Now that we have the counts per token and category, we calculate the chi square values and sort
the values to filter for the top 75 tokens per category.

In [None]:
top75_tokens_per_category: RDD = category_counts_per_token \
        .flatMap(lambda cur_category_counts: calculate_chi_square_per_token(cur_category_counts, category_counts, reviews_cnt)) \
        .groupByKey().mapValues(list) \
        .mapValues(lambda val: sorted(val, key=lambda val: val[1])[:-75:-1]) \
        .sortByKey()

Prepare the job result by concenating all tokens to a list of all top tokens 
and convert the lists to strings for printing.

In [None]:
top75_tokens_str = "\n".join(
        top75_tokens_per_category.map(lambda el: printable_category(el[0], el[1])).collect())

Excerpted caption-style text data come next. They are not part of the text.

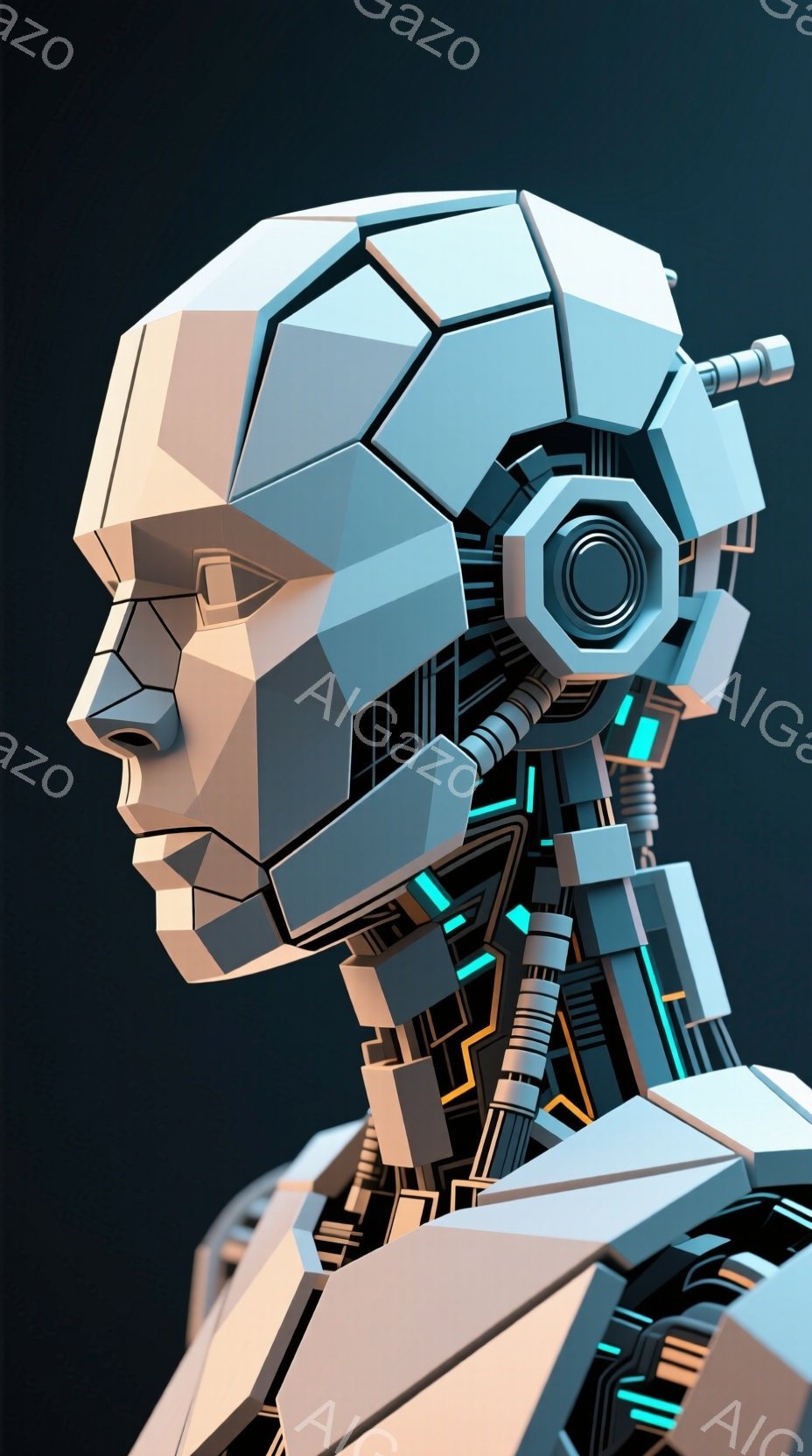 この画像は、未来的なロボットの頭部と肩部のクローズアップです。幾何学的な形状で構成された頭部は、滑らかな白い表面を持ち、青色の発光するラインが内部構造を強調しています。背景は暗いグレーで、ロボットの未 - AI生成フリー素材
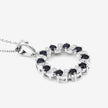 1.30 Carat Genuine Blue Sapphire and White Topaz .925 Sterling Silver Pendant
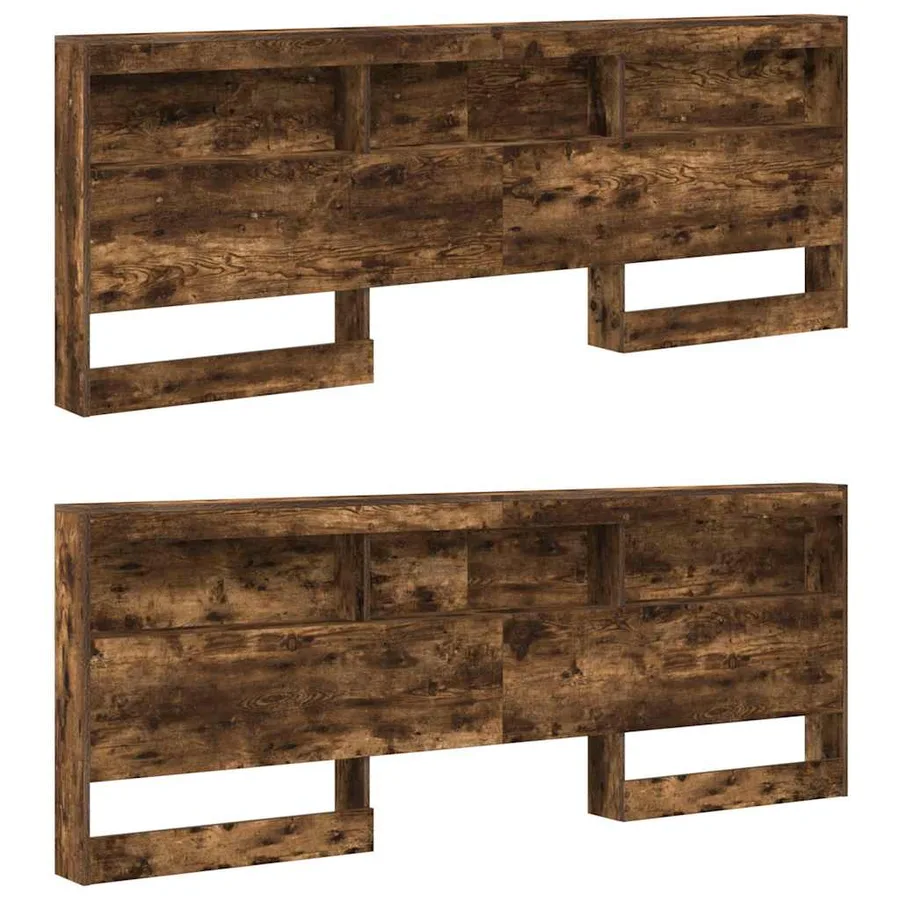 Lit Bibliothèque Chêne fumé 180 x 200 cm Bois d'ingénierie - 5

top_tokens: list[str] = top75_tokens_per_category \
        .flatMap(lambda el: [tup[0] for tup in el[1]]) \
        .distinct() \
        .sortBy(lambda el: el).collect()
top_tokens_str = " ".join(top_tokens)

result = top_tokens_str + '\n' + top75_tokens_str
result

Write the result to a file.

In [None]:
with open(BASE_PATH / "output_rdd.txt", "w") as file:
    file.writelines(result)

# Example 2: DataFrames: Spark ML & Pipelines


In [None]:
reviews_df = spark.read.json(str(reviews_location))
reviews_df.head()

In [None]:
tokenizer = RegexTokenizer(
    minTokenLength=2,
    pattern="[\s\d\(\)\[\]{}\.!\?,;:\+=\-_\"'`~#@&\*%€\$§\\\/]",
    inputCol="reviewText",
    outputCol="tokens",
)
stopwords_remover = StopWordsRemover(
    inputCol=tokenizer.getOutputCol(), outputCol="stopWordsFiltered"
)
indexer = StringIndexer(
    inputCol="category",
    outputCol="indexedCategory"
)
hashingTF = HashingTF(inputCol=stopwords_remover.getOutputCol(), outputCol="TF")
idf = IDF(inputCol=hashingTF.getOutputCol(), outputCol="TFIDF")
chiSqSelector = ChiSqSelector(
    numTopFeatures=2000,
    featuresCol=idf.getOutputCol(),
    labelCol=indexer.getOutputCol(),
    outputCol="chiSq",
)

In [None]:
pipeline = Pipeline(
    stages=[
        tokenizer,
        stopwords_remover,
        indexer,
        hashingTF,
        idf,
        chiSqSelector
    ]
)

model = pipeline.fit(reviews_df)
tokenized = model.transform(reviews_df)

tokenized.head(n=10)